Excel-Serres : se passionner pour le service

C’est un changement de carrière et un désir de retour à la campagne qui ont amené Dominique Fortier à faire l’acquisition d’Excel-Serres en 2013. L’entreprise artisanale de 30 ans d’ancienneté comptait alors l’équivalent de 3 000 m2 de production en serre. Depuis, les serres spécialisées dans la tomate rose ont augmenté leur superficie à 20 000 m2. « Nous demeurons à dimension humaine, mais à la fine pointe de la technologie. Nos serres sont alimentées à la biomasse et nous utilisons l’éclairage de photosynthèse pour produire nos sept variétés de tomates », précise Dominique Fortier. Employant 25 personnes, l’entreprise privilégie une approche personnalisée.

« Nous sommes situés près de nos clients ; nous pouvons ainsi cueillir les tomates le matin, et elles seront sur les étalages en épicerie la journée même. »

— Dominique Fortier, présidente, Excel-Serres

Promouvoir la signature de l’énergie renouvelable

Pour les producteurs en serre, amener les produits sur le marché en profitant de l’hydroélectricité du Québec constitue le moteur essentiel de cette industrie florissante.
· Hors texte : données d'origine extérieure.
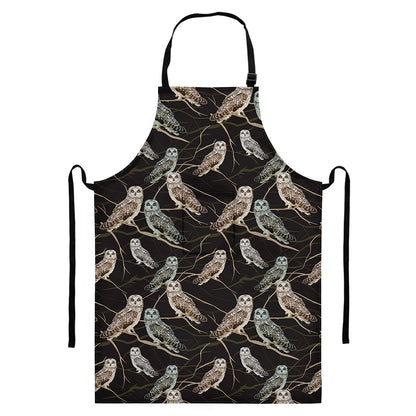 Night Owl Pattern Print Bib Apron With Pocket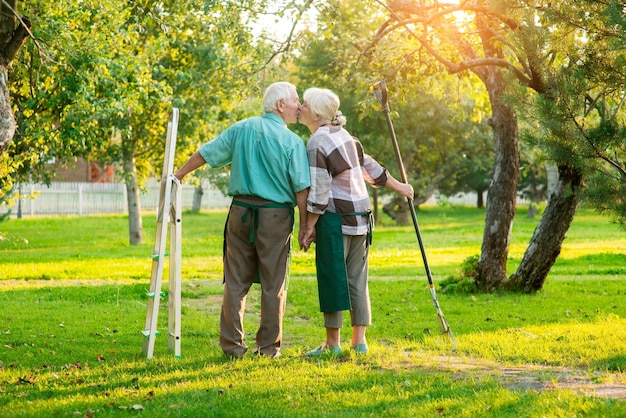 Casal sênior beijando jardineiros de verão segurando ancinho e escada, amor e trabalho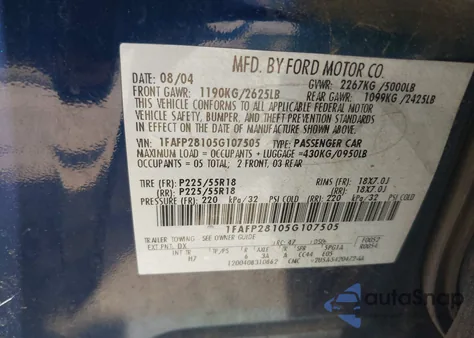 2005 Ford Five Hundred Limited z USA, uszkodzony, nr VIN 1FAFP28105G107505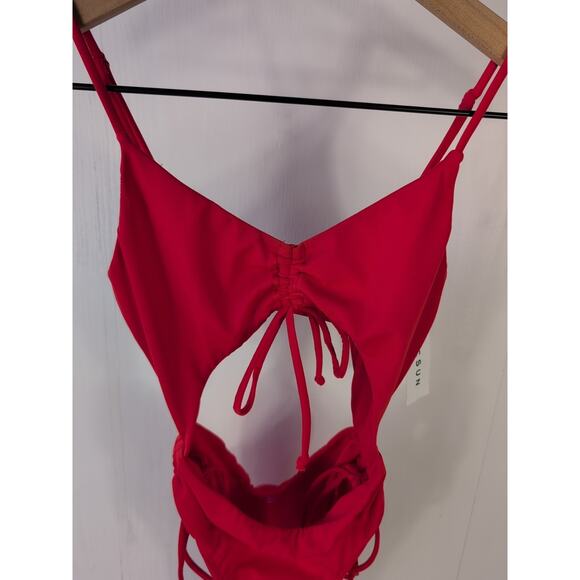 Pacsun Womens Red Monokini Swimsuit Size XXS Cutout One Piece Ruched Tie Front - Picture 4 of 10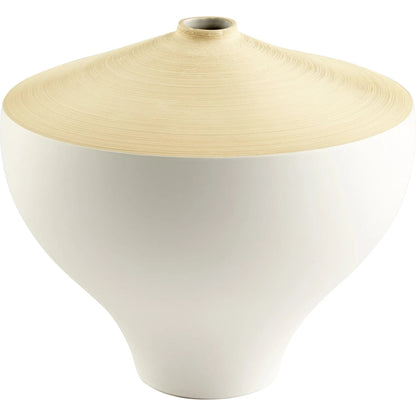 Inez Vase by Cyan Design in matte white. Made from ceramic in a modern style.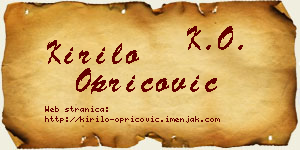 Kirilo Opricović vizit kartica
Tous s’entendent pour mettre en lumière cette signature particulière : celle d’une énergie renouvelable dont l’accessibilité permet d’offrir des produits de qualité à la population québécoise pour améliorer sa santé globale.

« La trame de fond, c’est d’utiliser la ressource naturelle que nous avons — soit l’eau qui coule dans nos rivières —, la transformer en électricité et amener des produits frais dans un pays nordique comme le Québec, et ce, 12 mois par année. »
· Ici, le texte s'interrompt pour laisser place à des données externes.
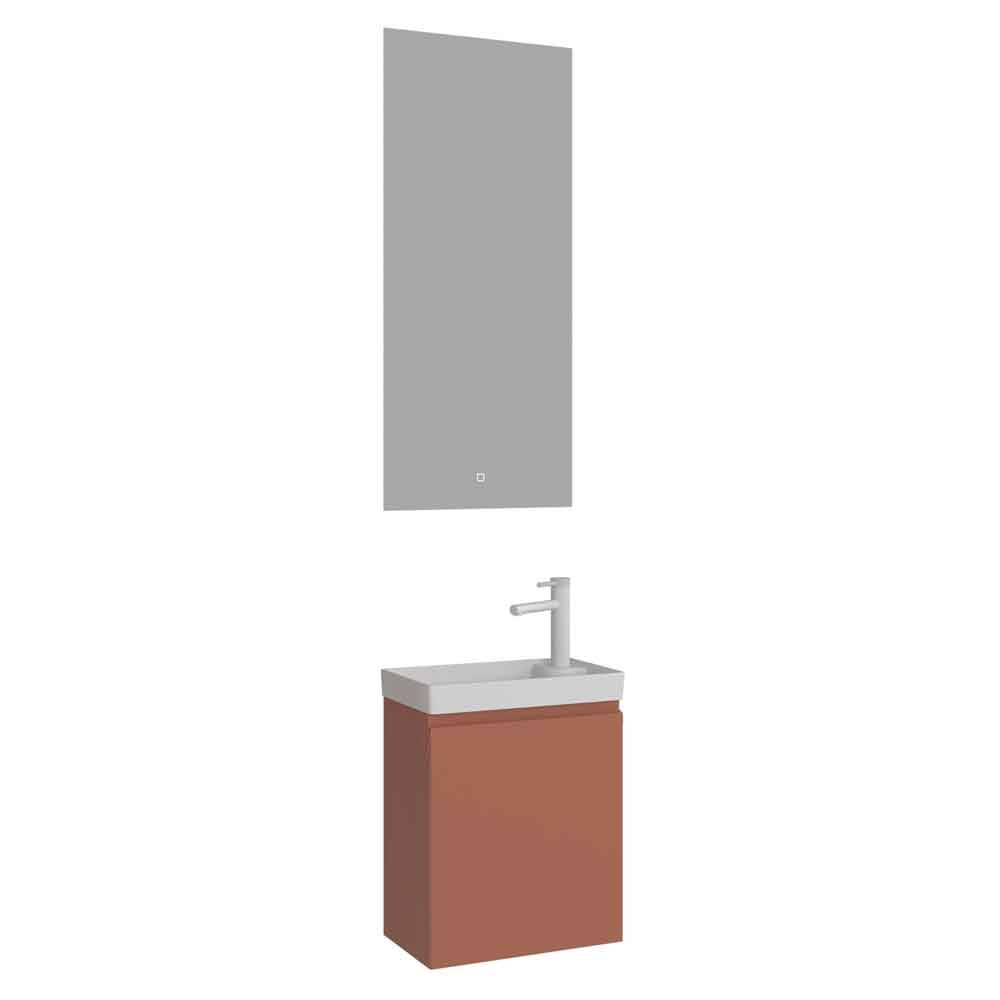 Ferla Wooden Bathroom Furniture Set with 1 Door in Matte Cinnamon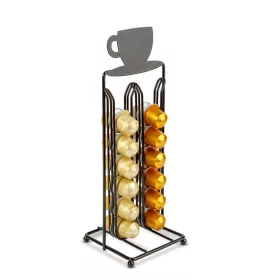   Bewello Fém kávékapszula tartó - 28 db Nespresso kapszulához - 125 x 115 x 340 mm - matt fekete (BW0998)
— Jacques Demers, président-directeur général, Productions horticoles Demers

Aliments du Québec : partenaire de l’économie locale

Gage d’achat local, le logo d’Aliments du Québec atteste d’une valeur sûre quand vient le temps pour les consommateurs de s’y retrouver dans le choix des produits offerts sur le marché.

« Notre mission est de valoriser les producteurs et transformateurs d’ici, qui font partie de notre grande famille. En hiver, quand les produits frais sont limités, les consommateurs peuvent se tourner vers les fruits et légumes de serre, qui complètent la grande variété d’aliments du Québec et préparés au Québec. C’est toute l’économie locale qui en bénéficie.  »

— Marie Beaudry, directrice générale, Aliments du Québec

Hydro-Québec : offrir un avenir énergétique

Le plus grand défi relatif à l’autonomie alimentaire est l’accessibilité à tous. Pour y parvenir, Hydro-Québec a élargi à plus de producteurs en serre le prix avantageux lié à l’option d’électricité additionnelle pour l’éclairage de photosynthèse ou le chauffage des espaces destinés à la culture de végétaux. « Les aliments produits ici doivent être abordables et offrir un juste prix aux agriculteurs et agricultrices. Cela passe par une réduction des coûts de production, notamment le coût de l’énergie », explique François Désautels, délégué commercial responsable du marché agroalimentaire à Hydro-Québec.